Laurence had meant to stay another day, to let the men worst injured by the avalanche make some recovery on the ground, but there could be no question of that now with Lien on her way to France, where she might wreak merry havoc at the Channel, or upon the Mediterranean Fleet. The Navy and the merchant marine would be wholly unsuspecting and vulnerable; her appearance would not be a warning, for her white coloration would not be found in any of the dragon-books which ships carried, to warn their captains of fire-breathers and the like. She was many years older than Temeraire, and though she had never been trained in battle, she lacked nothing in agility and grace and likely was more practiced in the use of the divine wind; it made him shudder to think of so deadly a weapon placed in Bonaparte's hands, and aimed nearly at the heart of Britain.

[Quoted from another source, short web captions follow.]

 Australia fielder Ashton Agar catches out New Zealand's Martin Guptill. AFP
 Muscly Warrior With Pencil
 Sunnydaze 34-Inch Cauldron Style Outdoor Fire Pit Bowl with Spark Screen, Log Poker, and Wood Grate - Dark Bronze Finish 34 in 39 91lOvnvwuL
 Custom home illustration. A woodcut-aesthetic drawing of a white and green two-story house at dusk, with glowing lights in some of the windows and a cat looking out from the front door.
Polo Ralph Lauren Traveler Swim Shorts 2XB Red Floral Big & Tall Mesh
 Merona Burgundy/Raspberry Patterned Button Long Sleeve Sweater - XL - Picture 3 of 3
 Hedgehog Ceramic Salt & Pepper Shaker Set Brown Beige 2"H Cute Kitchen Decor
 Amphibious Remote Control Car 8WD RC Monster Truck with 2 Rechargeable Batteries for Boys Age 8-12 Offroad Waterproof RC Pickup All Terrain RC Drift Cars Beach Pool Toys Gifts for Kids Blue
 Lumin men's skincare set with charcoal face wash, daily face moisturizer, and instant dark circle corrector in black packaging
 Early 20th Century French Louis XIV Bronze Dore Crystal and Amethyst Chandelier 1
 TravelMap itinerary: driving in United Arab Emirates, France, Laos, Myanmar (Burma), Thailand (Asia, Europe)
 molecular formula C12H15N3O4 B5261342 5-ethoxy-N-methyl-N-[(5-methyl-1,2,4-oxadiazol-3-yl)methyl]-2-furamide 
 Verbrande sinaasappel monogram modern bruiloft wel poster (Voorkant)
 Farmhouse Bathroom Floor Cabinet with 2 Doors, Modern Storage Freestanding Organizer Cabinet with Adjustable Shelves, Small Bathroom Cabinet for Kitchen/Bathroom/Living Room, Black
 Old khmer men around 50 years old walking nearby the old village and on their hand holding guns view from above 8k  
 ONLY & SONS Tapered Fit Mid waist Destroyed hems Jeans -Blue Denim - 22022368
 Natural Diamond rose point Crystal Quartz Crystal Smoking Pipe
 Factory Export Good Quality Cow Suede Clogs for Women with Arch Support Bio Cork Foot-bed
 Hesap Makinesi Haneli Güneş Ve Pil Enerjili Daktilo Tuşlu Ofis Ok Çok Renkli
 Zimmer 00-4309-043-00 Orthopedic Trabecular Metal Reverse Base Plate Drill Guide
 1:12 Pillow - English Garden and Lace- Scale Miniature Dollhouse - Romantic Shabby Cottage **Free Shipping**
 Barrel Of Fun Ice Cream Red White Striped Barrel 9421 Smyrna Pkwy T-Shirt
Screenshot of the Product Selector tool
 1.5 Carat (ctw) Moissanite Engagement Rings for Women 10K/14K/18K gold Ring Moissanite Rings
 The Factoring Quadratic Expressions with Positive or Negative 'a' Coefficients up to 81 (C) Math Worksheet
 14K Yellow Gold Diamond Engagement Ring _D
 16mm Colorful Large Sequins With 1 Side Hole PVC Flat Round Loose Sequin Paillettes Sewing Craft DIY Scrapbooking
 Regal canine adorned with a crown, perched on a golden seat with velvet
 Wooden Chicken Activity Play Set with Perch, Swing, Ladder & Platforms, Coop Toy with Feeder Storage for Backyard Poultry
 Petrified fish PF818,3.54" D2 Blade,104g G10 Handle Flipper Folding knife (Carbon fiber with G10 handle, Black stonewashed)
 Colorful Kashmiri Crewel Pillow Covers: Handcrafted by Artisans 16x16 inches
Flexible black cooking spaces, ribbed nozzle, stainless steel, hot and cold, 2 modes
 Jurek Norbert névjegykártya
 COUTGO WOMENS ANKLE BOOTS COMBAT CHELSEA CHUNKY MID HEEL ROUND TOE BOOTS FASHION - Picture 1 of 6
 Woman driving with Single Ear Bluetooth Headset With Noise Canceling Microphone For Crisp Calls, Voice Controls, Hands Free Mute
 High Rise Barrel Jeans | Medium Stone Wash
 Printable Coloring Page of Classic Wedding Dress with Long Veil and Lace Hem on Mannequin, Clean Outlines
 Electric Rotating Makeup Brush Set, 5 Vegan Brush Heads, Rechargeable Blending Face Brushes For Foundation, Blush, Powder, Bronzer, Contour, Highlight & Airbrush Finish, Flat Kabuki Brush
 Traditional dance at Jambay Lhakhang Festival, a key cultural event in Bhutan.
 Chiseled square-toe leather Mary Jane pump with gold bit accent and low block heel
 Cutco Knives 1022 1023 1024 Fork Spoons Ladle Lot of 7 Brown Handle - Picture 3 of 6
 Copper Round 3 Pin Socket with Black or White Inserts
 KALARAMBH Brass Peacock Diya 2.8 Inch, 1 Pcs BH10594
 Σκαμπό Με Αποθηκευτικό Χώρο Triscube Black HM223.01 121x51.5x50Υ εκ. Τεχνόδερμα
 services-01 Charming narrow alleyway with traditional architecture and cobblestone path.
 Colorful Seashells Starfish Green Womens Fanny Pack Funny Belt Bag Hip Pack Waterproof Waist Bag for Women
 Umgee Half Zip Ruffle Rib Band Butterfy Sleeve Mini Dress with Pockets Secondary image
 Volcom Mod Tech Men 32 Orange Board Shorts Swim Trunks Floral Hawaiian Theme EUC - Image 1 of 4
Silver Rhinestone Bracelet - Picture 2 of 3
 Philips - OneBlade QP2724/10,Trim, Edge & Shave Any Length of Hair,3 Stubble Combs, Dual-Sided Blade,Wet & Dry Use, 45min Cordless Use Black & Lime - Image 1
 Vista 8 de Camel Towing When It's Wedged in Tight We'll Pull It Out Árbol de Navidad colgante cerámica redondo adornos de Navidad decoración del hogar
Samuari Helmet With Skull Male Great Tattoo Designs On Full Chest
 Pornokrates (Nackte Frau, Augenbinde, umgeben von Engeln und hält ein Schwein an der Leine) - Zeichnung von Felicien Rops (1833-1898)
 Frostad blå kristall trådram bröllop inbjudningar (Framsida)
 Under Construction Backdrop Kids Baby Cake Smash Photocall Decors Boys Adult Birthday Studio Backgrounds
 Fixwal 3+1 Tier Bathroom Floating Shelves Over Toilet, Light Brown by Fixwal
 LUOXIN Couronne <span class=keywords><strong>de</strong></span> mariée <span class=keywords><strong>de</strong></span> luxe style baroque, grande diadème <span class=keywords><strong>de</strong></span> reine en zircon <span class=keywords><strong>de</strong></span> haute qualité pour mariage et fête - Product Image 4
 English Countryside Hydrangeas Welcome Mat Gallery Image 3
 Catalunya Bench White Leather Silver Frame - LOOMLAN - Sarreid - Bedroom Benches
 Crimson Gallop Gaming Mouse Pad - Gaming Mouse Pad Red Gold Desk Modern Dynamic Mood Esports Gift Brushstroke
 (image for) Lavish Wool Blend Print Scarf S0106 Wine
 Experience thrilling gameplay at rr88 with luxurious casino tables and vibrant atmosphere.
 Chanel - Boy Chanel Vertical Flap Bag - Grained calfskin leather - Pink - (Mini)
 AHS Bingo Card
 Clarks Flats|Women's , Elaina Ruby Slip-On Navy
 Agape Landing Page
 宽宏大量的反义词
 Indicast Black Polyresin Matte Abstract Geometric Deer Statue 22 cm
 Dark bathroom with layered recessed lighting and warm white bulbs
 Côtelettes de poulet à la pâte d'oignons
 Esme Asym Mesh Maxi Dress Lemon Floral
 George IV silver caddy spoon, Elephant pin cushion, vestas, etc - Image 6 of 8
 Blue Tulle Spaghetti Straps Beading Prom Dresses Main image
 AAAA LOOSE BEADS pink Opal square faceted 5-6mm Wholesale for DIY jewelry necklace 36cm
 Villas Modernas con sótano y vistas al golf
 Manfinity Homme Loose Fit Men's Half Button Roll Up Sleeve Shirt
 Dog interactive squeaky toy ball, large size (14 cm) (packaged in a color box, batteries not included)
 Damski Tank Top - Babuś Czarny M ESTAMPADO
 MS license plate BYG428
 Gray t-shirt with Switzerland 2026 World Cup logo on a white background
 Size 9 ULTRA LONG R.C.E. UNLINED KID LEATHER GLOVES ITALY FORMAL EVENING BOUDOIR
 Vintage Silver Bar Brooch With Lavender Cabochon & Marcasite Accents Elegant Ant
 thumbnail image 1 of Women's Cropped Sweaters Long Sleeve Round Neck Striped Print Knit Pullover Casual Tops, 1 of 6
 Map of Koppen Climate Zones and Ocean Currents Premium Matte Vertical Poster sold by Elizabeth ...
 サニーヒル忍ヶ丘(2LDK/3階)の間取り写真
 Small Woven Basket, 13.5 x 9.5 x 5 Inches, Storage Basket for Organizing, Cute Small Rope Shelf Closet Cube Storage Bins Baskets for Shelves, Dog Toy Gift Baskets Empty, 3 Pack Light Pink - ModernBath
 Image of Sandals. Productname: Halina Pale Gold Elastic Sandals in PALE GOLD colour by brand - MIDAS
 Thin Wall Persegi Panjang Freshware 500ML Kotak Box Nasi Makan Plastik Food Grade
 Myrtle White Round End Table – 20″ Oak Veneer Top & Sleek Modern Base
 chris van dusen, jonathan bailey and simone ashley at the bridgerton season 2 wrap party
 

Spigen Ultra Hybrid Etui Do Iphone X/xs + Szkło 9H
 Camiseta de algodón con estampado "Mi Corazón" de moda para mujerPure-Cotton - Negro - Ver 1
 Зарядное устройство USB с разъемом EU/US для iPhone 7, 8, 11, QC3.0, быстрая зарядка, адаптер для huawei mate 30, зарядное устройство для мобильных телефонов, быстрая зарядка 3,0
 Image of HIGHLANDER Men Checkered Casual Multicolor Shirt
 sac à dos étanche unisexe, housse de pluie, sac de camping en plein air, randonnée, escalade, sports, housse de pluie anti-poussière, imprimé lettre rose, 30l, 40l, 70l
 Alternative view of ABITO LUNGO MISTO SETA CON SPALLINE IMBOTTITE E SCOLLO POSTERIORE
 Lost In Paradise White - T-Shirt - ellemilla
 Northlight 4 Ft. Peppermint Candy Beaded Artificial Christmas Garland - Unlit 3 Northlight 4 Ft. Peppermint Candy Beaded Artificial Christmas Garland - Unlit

"We will leave in the morning," he said, and stood up from the floor to find a disgruntled audience of dragons; the ferals had gathered around in curiosity while Tharkay made his diagrams, and, having demanded some explanation from Temeraire, they were now indignant to find their own mountain range little more than a scattering of hatch-marks dividing the vast expanse of China from Persia and the Ottoman Empire.

"I am just telling them that we have been all the way from England to China," Temeraire informed Laurence, smugly, "and round Africa, too; they have none of them ever been very much outside the mountains."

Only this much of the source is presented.